Private contracting has become a campaigning point for National and Labour, but the policy differences are more subtle than whether or not to offer the work, which compensates for lack of public capacity.
In 1999-2000, when Labour took office, the Auckland DHB contracted just 0.1 per cent of its elective surgery (the number of procedures weighted by their complexity) to the private sector. Counties Manukau and Waitemata DHBs contracted out none.
But in the past financial year, the three contracted out 10.6 per cent.
This cost taxpayers $8 million at Auckland DHB, $6.4 million at Counties, and $4.9 million at Waitemata - a total of $19.3 million.
Last year, 1308 Auckland DHB patients had elective surgery in the private sector, 1819 from Counties and 684 from Waitemata. The boards differ on whether they contract out mainly complex and expensive or more straightforward, cheaper surgeries, procedures and investigations.
The big increase came after 2005, following the start of big Government cash injections for hip or knee replacement and cataract surgery.

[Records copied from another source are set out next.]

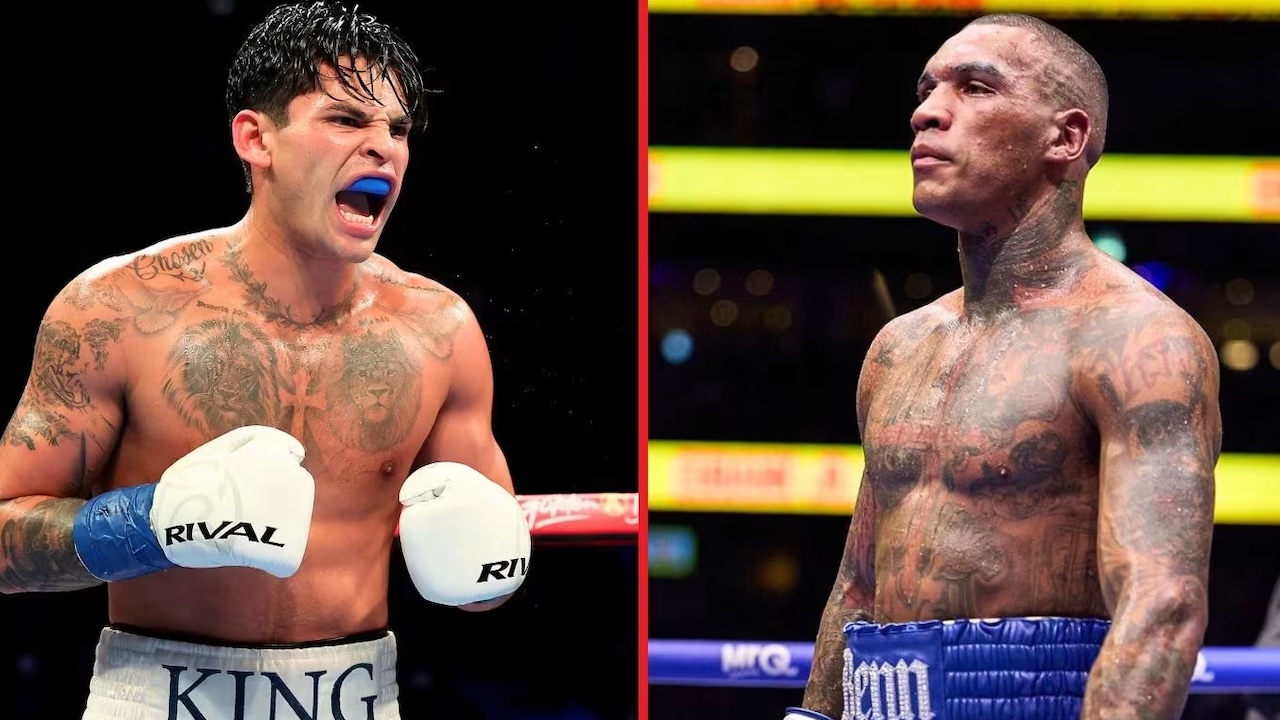Kell Brook Lebih Jagokan Ryan Garcia saat Hadapi Conor Benn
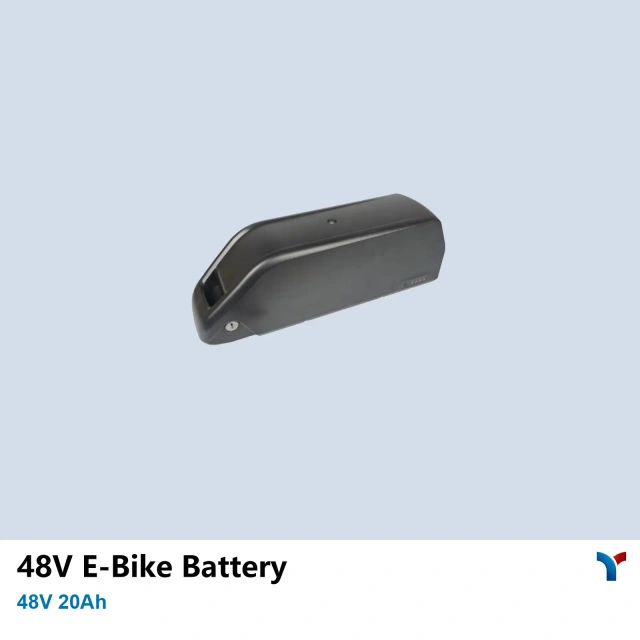 48V 20Ah 电动自行车锂电池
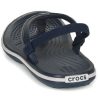 Crocs (GS) Crocband Sandaler med Slingback Strap ”Navy Black” 205777-410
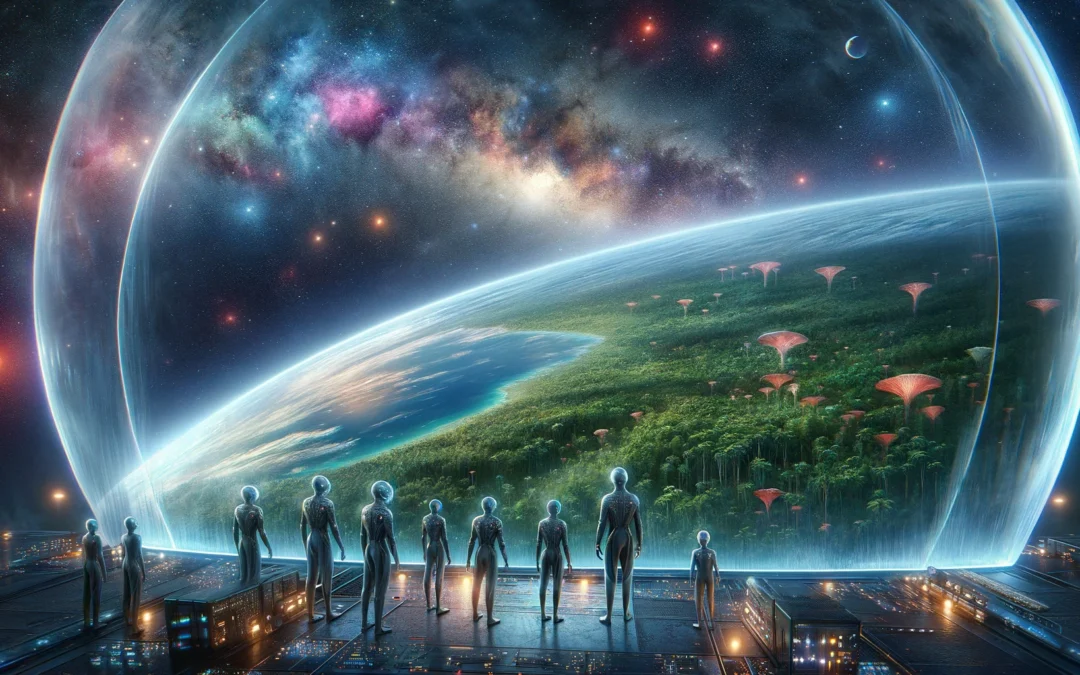 The Intergalactic Prime Directive: Insights from the Zoo Theory
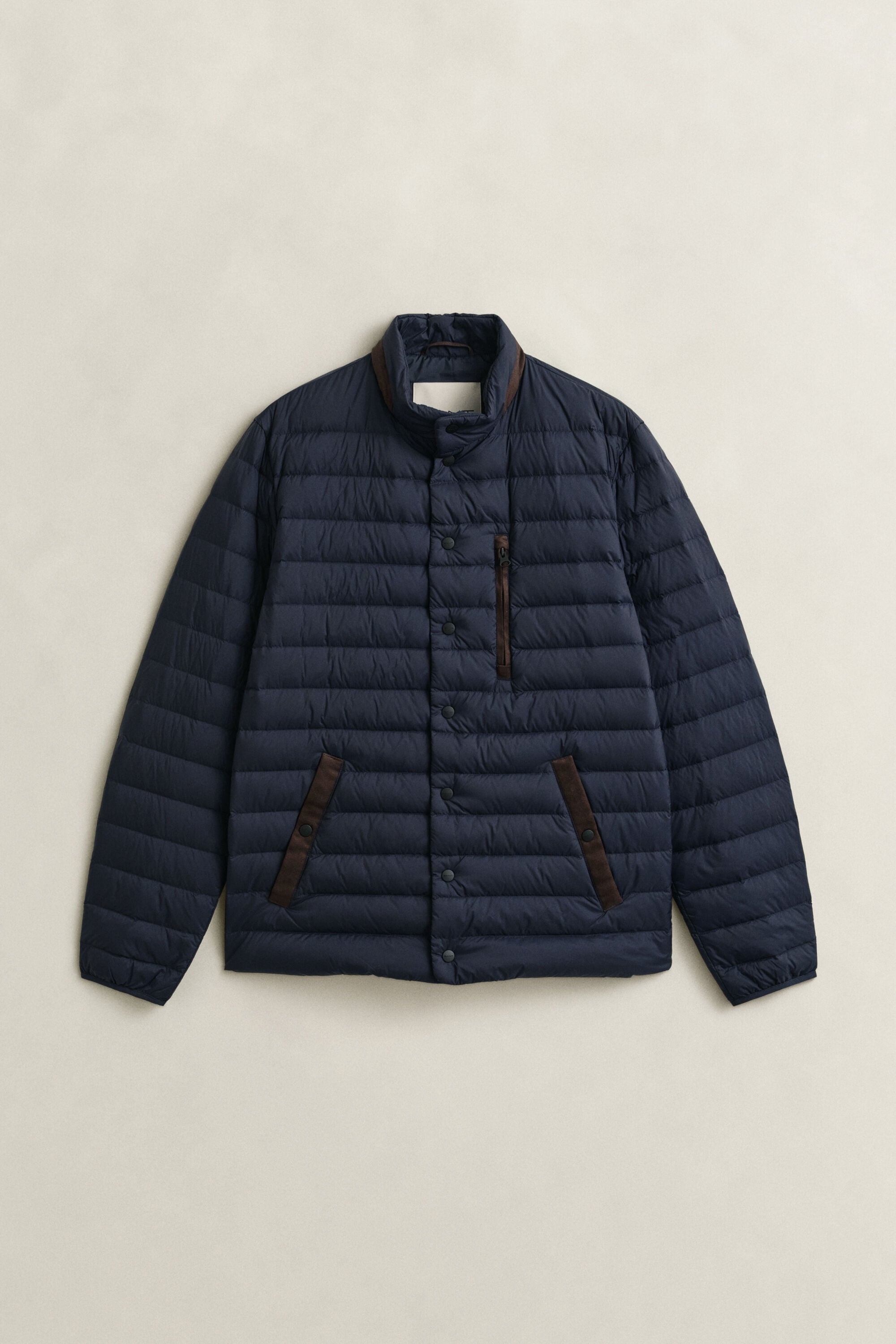 Doudoune ultra-légère en duvet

At Counties, 805 people were given cataract operations last year in private facilities, 143 received hip or knee surgery, 72 had obesity surgery and 128 had tubal ligations. Waitemata contracted out 236 colonoscopies and 242 hip or knee replacements. The largest groups from Auckland were 188 hip or knee replacement patients, 179 children who had grommets put in their ears, 144 cataract patients, and 132 who had cardiothoracic surgery.
Counties' chief operating officer Ron Dunham said yesterday that his board was aiming to contract out 10 per cent of its case-weighted volume this financial year, but the first quarter's trend was above the target, partly because of a larger than expected number of acute cases.
National's policy is to offer a smoother flow to private hospitals, so as to obtain lower prices and ease the pressure on the public system.
Private hospitals have long argued they would expand capacity if offered set volumes well in advance.
Labour paints National's health policy as offering work to its friends in the private sector.
National's health spokesman, Tony Ryall, said the party was committed to expanding the public health sector. Labour was clearly already close to the private sector itself with 14 per cent of Counties' electives being contracted out last year, he said.
"These clumsy ad hoc catch-up contracts are wasteful. If they had smarter, better planned arrangements, more New Zealanders would have got the vital surgery they have been waiting for."
Health Minister David Cunliffe said he had always been happy with a complementary relationship between private and public medicine.
"The ratio of public to private is about as high now as I am comfortable with. The last thing we need is for private medicine to suck any more capacity out of the public system."
THE NUMBERS
How much elective surgery did district health boards contract to the private sector in the latest financial year?
* Auckland 8.3 per cent.
* Waitemata 9.6 per cent.
* Counties Manukau 14 per cent.
Note: Based on number of procedures, adjusted by the complexity of each one.